# Fast and exact Geodesics on meshes, Backtracking confusion

The following is an excerpt from a 2005 paper on geodesics on triangular meshes, taken from section 3.5 In this case $$p$$ is a point on some arbitrary face in a mesh, $$p'$$ is a point on one of the 3 edges in the triangle and $$D(p')$$ is the geodesic distance to that point.

I am very confused as to how this minimization is achieved. The paper doesn't go into detail, so I assume it's trivial, but I am not seeing the solution of the top of my head.

Given an arbitrary interval (segment) the shortest point to it is either the orthogonal projection of the point $$p$$ onto the segment or one of the end points of the segment (depending on where $$p$$ is located with respect to the segment).

However, this is not necessarily the point that minimizes the expression $$||p - p'|| + D(p')$$ or in other words, $$p'$$ is not, in general, the orthogonal projection of $$p$$ onto the segment.

The only algorithm I have is to naively check epsilon offsets along the segment and picking the shortest one. There has to be a better way than that.

I have drawn a diagram on Geogebra to show the problem: $$\overline{BA}$$ is the segment, $$C$$ is the point we are looking to minimize the distance from. $$D$$ is the frontier point, which is the orthogonal projection of the Geodesic source (the source point of all geodesics in the mesh), $$E$$ is the orthogonal projection of $$C$$ onto $$\overline{BA}$$. Clearly the optimal point is somewhere between $$E$$ and $$D$$ but I don't know how to find it.

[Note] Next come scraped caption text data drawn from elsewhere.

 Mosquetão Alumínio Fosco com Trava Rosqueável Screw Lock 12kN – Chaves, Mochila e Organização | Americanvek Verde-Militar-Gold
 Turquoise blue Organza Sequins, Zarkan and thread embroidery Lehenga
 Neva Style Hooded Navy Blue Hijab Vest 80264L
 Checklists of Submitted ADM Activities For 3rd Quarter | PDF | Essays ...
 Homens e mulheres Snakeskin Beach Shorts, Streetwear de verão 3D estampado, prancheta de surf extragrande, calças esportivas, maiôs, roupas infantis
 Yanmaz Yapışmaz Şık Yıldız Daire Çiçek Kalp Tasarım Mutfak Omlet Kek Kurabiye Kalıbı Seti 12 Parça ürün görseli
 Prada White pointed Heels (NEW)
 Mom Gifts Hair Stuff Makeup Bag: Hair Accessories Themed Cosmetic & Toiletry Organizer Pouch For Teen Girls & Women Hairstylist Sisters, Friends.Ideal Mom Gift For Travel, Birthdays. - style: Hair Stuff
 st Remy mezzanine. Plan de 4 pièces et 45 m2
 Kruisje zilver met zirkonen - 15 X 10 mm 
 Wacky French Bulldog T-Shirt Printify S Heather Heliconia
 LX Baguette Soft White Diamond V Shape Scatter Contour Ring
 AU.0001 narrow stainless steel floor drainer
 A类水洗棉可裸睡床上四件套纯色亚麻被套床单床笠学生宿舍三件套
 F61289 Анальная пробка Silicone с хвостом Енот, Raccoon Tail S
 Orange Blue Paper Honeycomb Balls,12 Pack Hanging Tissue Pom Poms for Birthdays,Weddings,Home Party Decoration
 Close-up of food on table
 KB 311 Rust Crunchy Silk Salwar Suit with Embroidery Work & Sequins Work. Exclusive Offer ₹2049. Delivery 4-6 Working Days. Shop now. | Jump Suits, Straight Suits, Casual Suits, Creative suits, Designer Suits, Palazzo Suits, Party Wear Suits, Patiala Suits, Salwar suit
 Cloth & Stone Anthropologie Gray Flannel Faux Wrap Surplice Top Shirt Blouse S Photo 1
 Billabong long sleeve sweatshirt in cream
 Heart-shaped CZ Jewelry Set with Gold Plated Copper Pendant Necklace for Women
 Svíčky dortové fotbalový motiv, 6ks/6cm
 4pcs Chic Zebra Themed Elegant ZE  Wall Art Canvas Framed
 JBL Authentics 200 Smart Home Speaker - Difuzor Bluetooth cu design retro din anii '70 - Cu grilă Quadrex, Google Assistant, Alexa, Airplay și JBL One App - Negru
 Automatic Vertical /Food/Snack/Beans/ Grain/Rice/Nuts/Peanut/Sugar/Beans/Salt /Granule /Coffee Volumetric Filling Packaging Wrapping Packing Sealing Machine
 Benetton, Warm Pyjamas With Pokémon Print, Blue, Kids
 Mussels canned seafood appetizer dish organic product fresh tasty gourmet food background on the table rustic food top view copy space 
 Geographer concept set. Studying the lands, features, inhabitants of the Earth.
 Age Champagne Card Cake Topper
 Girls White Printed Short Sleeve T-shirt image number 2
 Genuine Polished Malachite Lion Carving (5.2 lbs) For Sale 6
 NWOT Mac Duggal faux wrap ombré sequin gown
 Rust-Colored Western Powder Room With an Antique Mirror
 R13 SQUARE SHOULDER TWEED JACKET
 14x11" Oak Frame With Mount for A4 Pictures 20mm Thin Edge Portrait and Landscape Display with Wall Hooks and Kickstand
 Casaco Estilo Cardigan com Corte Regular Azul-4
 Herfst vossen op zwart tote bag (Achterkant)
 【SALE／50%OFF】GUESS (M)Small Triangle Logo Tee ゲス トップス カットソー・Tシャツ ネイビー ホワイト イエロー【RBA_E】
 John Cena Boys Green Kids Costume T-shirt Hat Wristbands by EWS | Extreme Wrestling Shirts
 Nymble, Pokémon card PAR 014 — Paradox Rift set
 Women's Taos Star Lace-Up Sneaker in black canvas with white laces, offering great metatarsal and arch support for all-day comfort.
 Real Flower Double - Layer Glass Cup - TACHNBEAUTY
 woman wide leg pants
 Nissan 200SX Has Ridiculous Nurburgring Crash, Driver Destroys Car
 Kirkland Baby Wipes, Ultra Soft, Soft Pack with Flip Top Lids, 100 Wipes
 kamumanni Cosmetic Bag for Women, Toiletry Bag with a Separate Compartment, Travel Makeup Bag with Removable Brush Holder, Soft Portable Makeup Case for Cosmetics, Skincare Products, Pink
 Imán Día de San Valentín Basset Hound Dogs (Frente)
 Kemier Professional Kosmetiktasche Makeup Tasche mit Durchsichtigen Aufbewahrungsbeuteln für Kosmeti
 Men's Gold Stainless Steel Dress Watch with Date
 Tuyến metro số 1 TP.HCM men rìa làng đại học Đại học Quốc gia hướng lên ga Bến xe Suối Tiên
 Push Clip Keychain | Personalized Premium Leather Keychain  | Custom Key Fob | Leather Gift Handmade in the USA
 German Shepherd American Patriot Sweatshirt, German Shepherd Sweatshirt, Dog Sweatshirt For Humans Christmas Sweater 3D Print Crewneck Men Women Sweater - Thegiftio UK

• Doesn't 4.3 and onwards deal with this? It's probably also a good idea to consider: code.google.com/archive/p/geodesic/wikis/ExactGeodesic.wiki Jul 4, 2020 at 7:08
• Unfortunately section 4, section 4,3 included deals with their approximating method, however I need to use the exact geodesic, not the approximation. Those notes are indeed interesting, but they don't seem to address the problem I am currently facing, at minimum not explicitly. I have a hypothesis as to what the proper way to do this is, I am testing it right now, if successful I will answer my own question. Jul 4, 2020 at 20:03

The solution I found to this problem is to ALWAYS intersect the edge. In other words the distance to the geodesic source $$v$$ from a point $$p$$ is $$||v-p'|| + ||p - p'||$$ where $$p'$$ is the intersection of the line $$\overline{vp}$$ with the current edge. In cases where $$p'$$ is "behind" $$p$$ with respect to $$v$$ we set the distance to the edge to be infinity.